Three prospects for a guy hitting .265 on a lousy team: Is this Teixeira redux?
The Braves sent Charlie Morton, Gorkys Hernandez and Jeff Locke to Pittsburgh for Nate McLouth, who’s a good player but no Carlos Beltran. Do I have reservations about the move? Yes. But do I think the deal would have been better left undone? No, and here’s why:
To make anything of this season, the Braves had to have a bat and had to have a center fielder. There was no other way. Jordan Schafer couldn’t do it, and Gregor Blanco wouldn’t have done it. McLouth is, to quote Frank Wren, “a solid part of a team,” and for the Braves a solid center fielder is a massive upgrade.
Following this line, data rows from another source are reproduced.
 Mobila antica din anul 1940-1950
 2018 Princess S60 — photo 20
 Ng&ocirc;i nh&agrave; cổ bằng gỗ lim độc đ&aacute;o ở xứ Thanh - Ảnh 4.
When a team deals from desperation — and the Braves were close to that — it always overpays. But give Wren credit: He didn’t overpay on another two-month man. (Or an 11-month guy, as was the case with John Schuerholz’s deal for Mark Teixeira.) “This isn’t to rent a guy for a year,” Wren said. “He’s under contract for four years. [The final season, 2012, is an option year.] That makes all the difference.”
And it does. The Braves filled their greatest positional need and should have no cause to re-fill it anytime soon. Schafer could be properly seasoned in a year or so, and the Braves could select the Cartersville center fielder Donavan Tate in next week’s draft. Or they could take pitcher Zack Wheeler of East Paulding to help offset the losses of Morton and Locke.
Even if all three of the players the Braves shipped to Pittsburgh become All-Stars, you cannot play the 2010 or 2011 seasons until the calendar decrees. The Braves must get through 2009, and McLouth affords them that opportunity.
Wren: “We knew we were lacking some element. We didn’t want the season to get too far gone.”
And that’s the best part of this: The Braves found their center fielder on June 3, not July 31st. They’ve got time to catch the Phillies and the Mets, and they now might have enough of an everyday lineup.
The Teixeira trade underscored the peril of swapping young for old, but this is a more considered risk. Nate McLouth won’t be saying goodbye just as he’s saying hello. He’ll be here awhile.